In preparation for this article and another (Falcone 2019), I returned to Second Life in 2018–2020, after an absence of about five years, to reengage regularly with Buddhist SL for several rounds of follow-up participant observation and interviews. The second phase of my fieldwork was more part-time and more targeted, with several rounds of two to three months of regular attentiveness to particular places and to particular no-longer-places. In addition, this article includes some autoethnographic reflections based on my experience with a Buddhist place that subsequently became a no-longer-place. My own positionality as a nonheritage Buddhist who practiced meditation in SL, even as I conducted research, is relevant here. I had done professional ethnographic and personal meditative work at Druk Yul during my first fieldwork stint in SL, but it had become a no-longer-place by the time I returned for my second stint.

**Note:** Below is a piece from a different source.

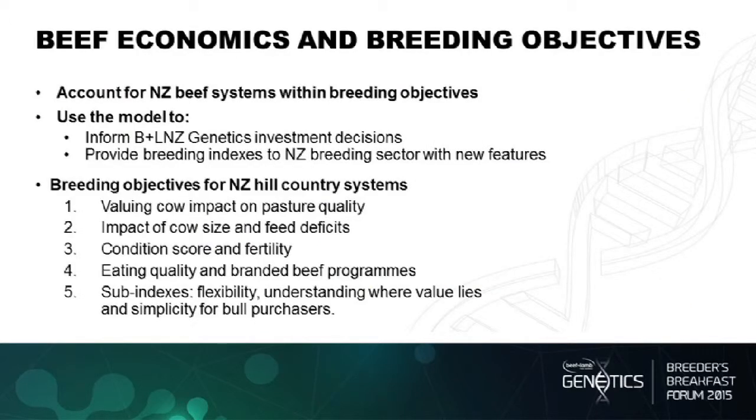I'll now talk about the beef economics and breeding objectives work that we're also doing. There are two reasons: firstly, we need to do this work to inform and measure the impact of the BLG investments. But as we do that, there's also the opportunity to provide breeding indices to the New Zealand breeding sector with some new features. We've created some draft indices which could be used by the NZ industry — we're using them in our economic analyses at the moment — and they have key features specific to New Zealand, really targeting some of the issues we hear about.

Since I had developed an attachment to Druk Yul and its environs before it ceased to be, I felt an unexpected pang of loss when it disappeared. (Although my Buddhist identity is germane, I should note that one might also feel deep nostalgia for the places one once frequented, whether one is religiously attuned to that place or not.)

Since no-longer-places are no longer extant in the digital now of time and space, how might scholars study them? The invisible, deleted, non-ruins have echoes or traces that still exist in digital space, if not the virtual world they have been scrubbed from, and so there is potential for a somewhat unsettled temporality. In 2000, Christine Hine noted that some writers oversimplified the potential for the internet to transcend time and space: “On the Internet,” she wrote, “it is said, you can be intimate with people who are not there any more, or who have yet to arrive” (84). But in contemporaneous SL, your avatar is either there for other avatars to interact with or not (“away from keyboard” and “lag” notwithstanding), and a virtual build is either there for other avatars to see, touch, or engage with or it is not.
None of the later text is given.